Monday, October 2, 2023

Extremely Dangerous to Our Democracy

These videos aptly illustrate the homogenization of legacy news media. 

I'd like to embed them, but am not able to so you will have to click on the links

Both videos demonstrate the homogenization of messages designed to produce fear and compliance.

The techniques of propaganda were refined over the twentieth century in the fields of industrial psychology (e.g., Human Relations), marketing and public relations (see Ivy Lee and Edward Bernays), and political-military operations aimed at engineering and/or deconstructing political legitimacy. 

The articulation and promotion of organic intellectuals and the deliberate promotion of known untruths, including "noble lies," are tactics deployed by a wide array of forces aimed at engineering consent.

Barriers to overt propagandizing by US government to US audiences were lifted substantially in 2013:

But the process of "engineering consent" was well established online prior to legal changes that unleashed the flood gates for propagandizing US audiences, as illustrated by these blasts from the past:

Olson, Parmy (2011, March 17). Anonymous, The Military And Fake Virtual Armies.

Think back to the last time you read a blog post, then posted a comment at the bottom. You might have ended up participating in a discussion with another reader, who’d also left a comment.

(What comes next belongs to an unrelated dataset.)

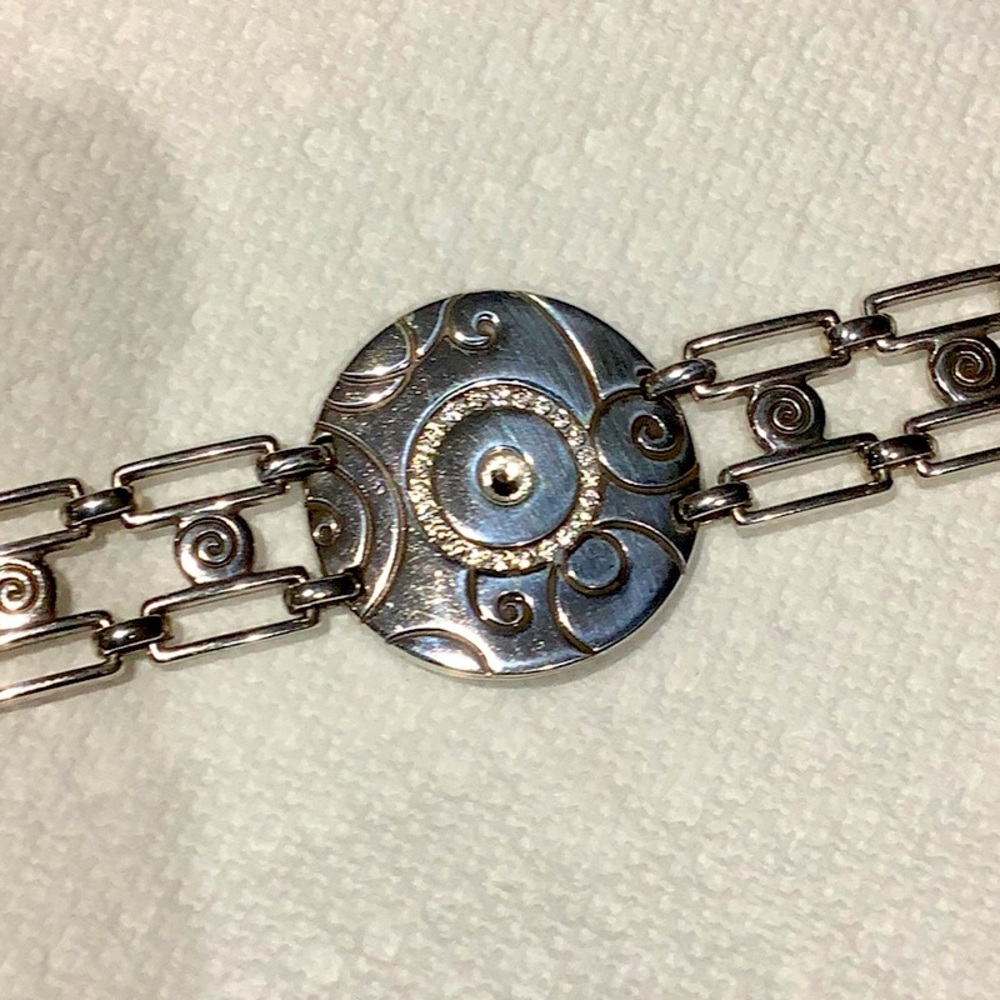 Brighton clasp bracelet. Very good condition.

Could you be 100% certain that other commenter was a real person? Chances are they were, but in some parts of the world, particularly where the U.S. military has a presence, they sometimes are not.

In Iraq and Afghanistan the military has started using software that allows it to create fake online identities to counter enemy efforts to recruit new members, using tactics like posting fake comments on blogs.

The practice was highlighted last night when the online hacking collective Anonymous released documents and e-mails highlighting the use of software to create multiple, fake online profiles, also known as “sock puppets” or “virtual armies” to sway public opinion. Anonymous, which has a small team of half a dozen supporters conducting their own investigation into the documents, claims the software has been used to track users on social networks like Facebook in foreign countries.

U.S. Military Launches Spy Operation Using Fake Online Identities. (2011, March 17).

The U.S. Military has purchased software designed to create and control false online personas in an attempt to use social media and other websites to counter anti-U.S. messaging.

According to the contract between US Central Command (Centcom) and California company Ntrepid, the software would let each user control 10 personas, each "replete with background, history, supporting details, and cyber presences that are technically, culturally and geographically consistent." The software would also be able to let personas "appear to originate in nearly any part of the world" and interact through "conventional online services and social media platforms," while using a static IP address for each persona to maintain a consistent online identity.

These false online personas, also known as "sock puppets," would be equipped to seem like real people while entering online discussion through blogs, message boards, chats, and more. With a false persona, a user could discredit opponents, or create the semblance of consensus.

I described the growing individualization of pervasive propaganda in this post:

Jacques Ellul’s now-classic (1965) Propaganda: The Formation of Men’s Attitudes articulated the necessary "subjective" characteristics of effective propaganda, detailing how each individual must be targeted and cultivated in their individuality in order to produce changes in crowd activity.

The capacity to cultivate each individual in their individuality in order to control the crowd has never been greater.

Facebook allowed information of up to 50 million users to be handed over to Cambridge Analytica, a "political data firm" and Google acknowledged it had exposed private data of hundreds of thousands of users of its Google+ social network (here).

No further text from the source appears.